§ **Work order**
Return all of the data that follows precisely, leaving every image out.

Image-caption web data:
※

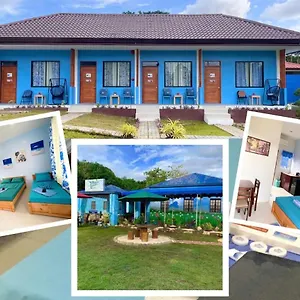 Blue Summer & Restaurant 2*, Bingag Filipinas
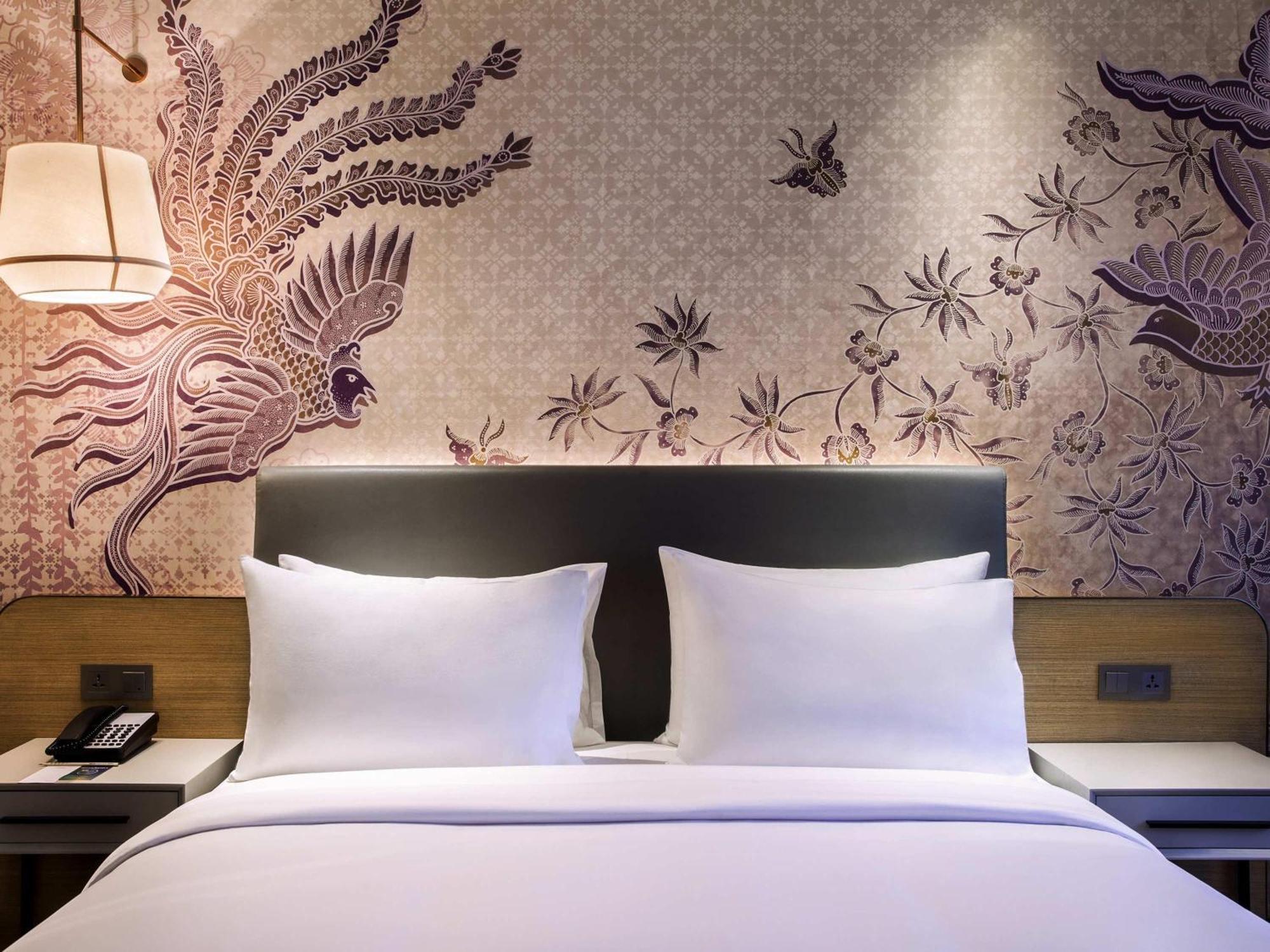Superior Double Room King Bed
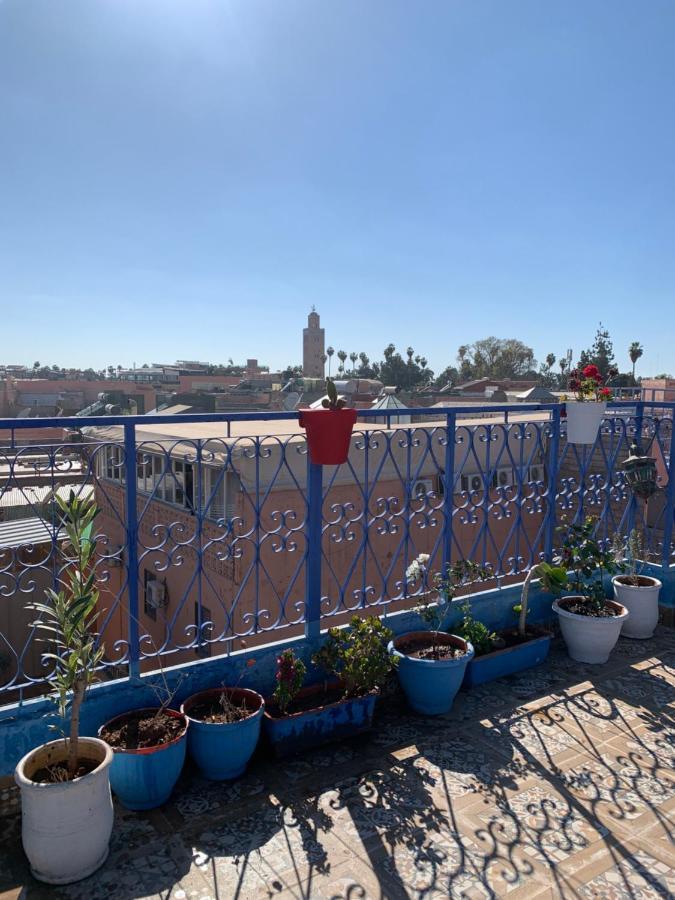 Hotel Dar Youssef 114 مراكش المظهر الخارجي الصورة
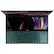 Alt View 14. ASUS - ZenBook Pro Duo 15.6" 4K Ultra HD Touch-Screen Laptop - Intel Core i9 - 32GB Memory - NVIDIA GeForce RTX 2060 - 1TB SSD - Celestial Blue.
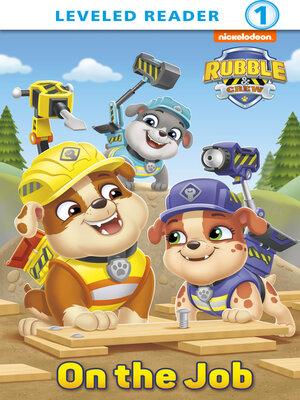 cover image of On the Job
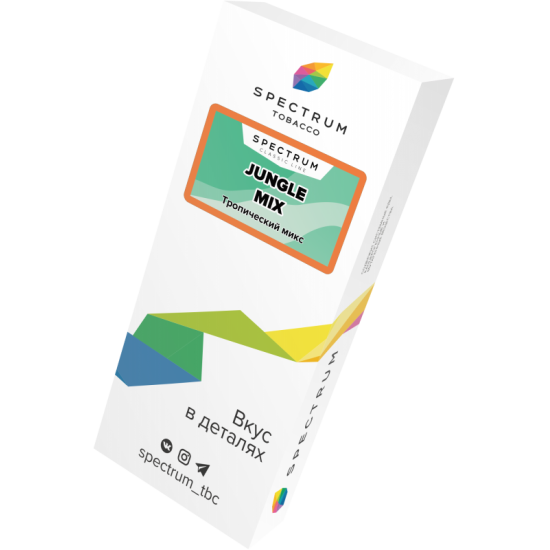 Табак Spectrum Classic line Jungle Mix 100 грамм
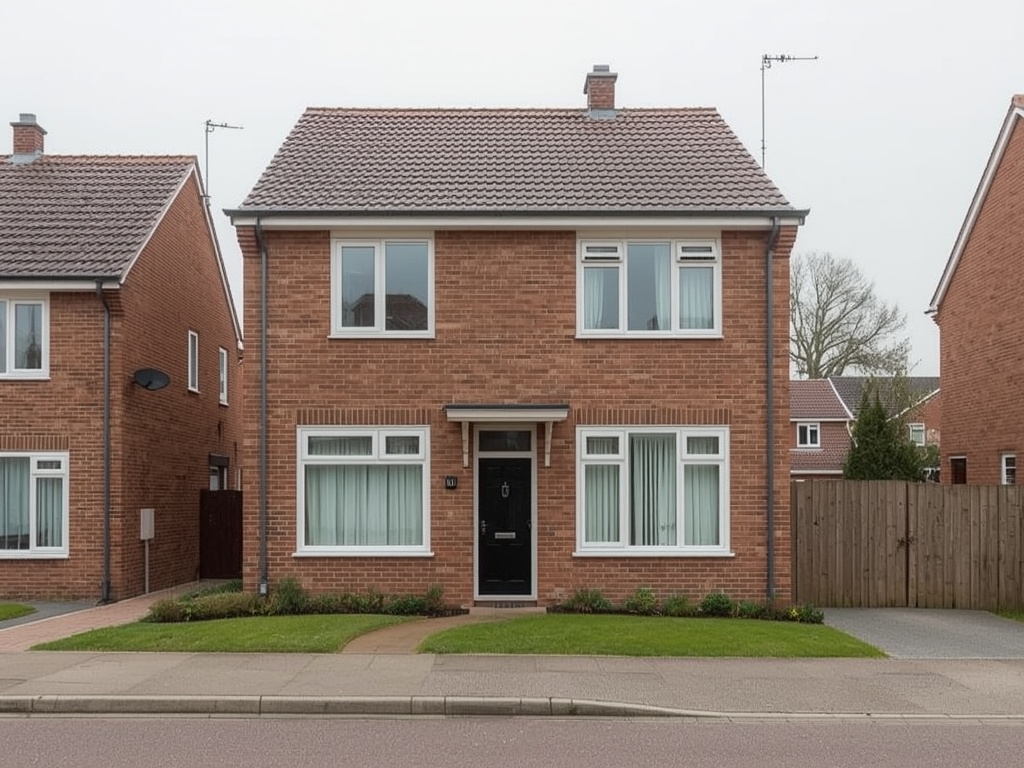 foto van ouderwetse huizen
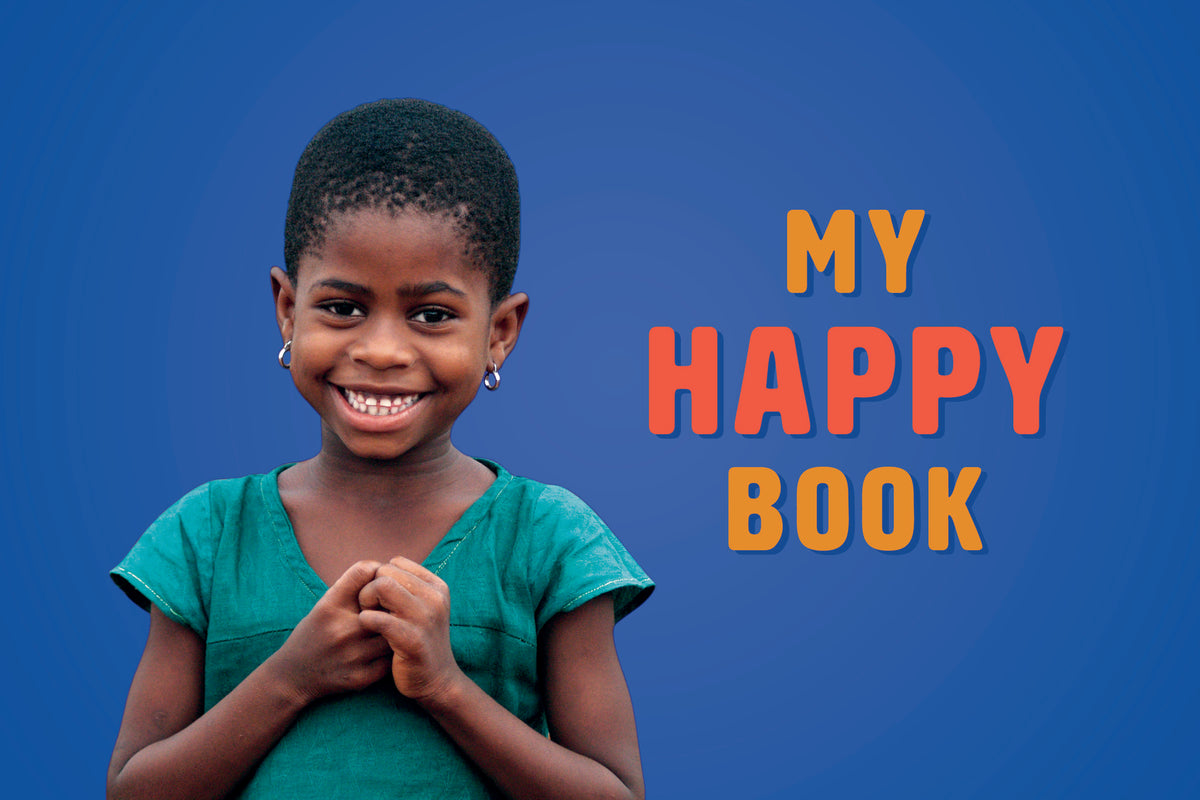 Cover image for My Happy Book ISBN 9780228702597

※

§ **Answer box**
 Blue Summer & Restaurant 2*, Bingag Filipinas
Superior Double Room King Bed
 Hotel Dar Youssef 114 مراكش المظهر الخارجي الصورة
 Alt View 14. ASUS - ZenBook Pro Duo 15.6" 4K Ultra HD Touch-Screen Laptop - Intel Core i9 - 32GB Memory - NVIDIA GeForce RTX 2060 - 1TB SSD - Celestial Blue.
 cover image of On the Job
 Табак Spectrum Classic line Jungle Mix 100 грамм
 foto van ouderwetse huizen
 Cover image for My Happy Book ISBN 9780228702597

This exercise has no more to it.